Design for Life

David Mellor, a brand founded by one of the true giants of British design, makes beautiful, highly distinctive cutlery at a factory in the Peak District, a few miles from Sheffield—the historic heartland of British steelworking. The Journal pays a visit

Words: Clare Finney
Images: Joseph Fox

I’ve spent just 30 minutes at the David Mellor factory in the Peak District when I read the four words that convince me of the superior nature of the brand’s cutlery. They’re buried modestly within an example client list, among a wealth of celebrities, Michelin-starred restaurants and five-star hotels. “James Dyson?!” I exclaim, as I run my eyes down the glittering monikers. “JONATHAN IVE?!”

I almost choke on the soup we’ve been spooning into our mouths (with, of course, David Mellor soup spoons) while sitting in the cafe before our factory tour. “Yes, that was a nice one because he wanted a range in solid silver, which we were able to do because we’re small and can do special jobs like that,” says Corin Mellor, son of the eponymous founder, now creative director—seeming surprisingly casual for a man who’s designing cutlery for the godfathers of 21st century design.

The David Mellor brand has been designing cutlery for more than 60 years, and Corin’s been running the show since 2009 when his father passed away. Their products may not be as universally known as the iPhone or the Dyson vacuum cleaner, but they’re certainly up there. “It is one of those things you always see today whenever someone compiles a list of ‘top 10 British designs’,” says cutlery accounts manager James Lawless, speaking about Pride, David Mellor’s first ever cutlery range. “It felt like something from another planet. When it came out in 1953, cutlery was all Georgian-influenced: very heavy and decorative. Then this appeared and it was sleek and elegant and modern. It still looks modern today.”

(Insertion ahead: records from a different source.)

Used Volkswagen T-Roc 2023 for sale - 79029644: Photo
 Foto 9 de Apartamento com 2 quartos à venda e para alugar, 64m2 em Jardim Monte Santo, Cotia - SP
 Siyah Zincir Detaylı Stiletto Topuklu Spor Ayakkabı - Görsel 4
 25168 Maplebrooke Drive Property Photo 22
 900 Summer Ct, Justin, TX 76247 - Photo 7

It still sells in its thousands, across the country. While David Mellor has made other ranges since, it has only very rarely discontinued one. “If you buy something that visually will last for 10 or 20 years and physically will also last for 20 years, then if it needs a replacement you should be able to get it. You shouldn’t have to buy a whole new canteen because you’ve lost a teaspoon.” That’s why their cutlery is sold “like Meccano”, Corin continues, “so you can buy a single teaspoon if you lose one.” Such an approach flies in the face of the prevailing model of consumerism, which seems premised on goods having short life spans or demanding constant upgrading if they are to be functional, relevant or cool.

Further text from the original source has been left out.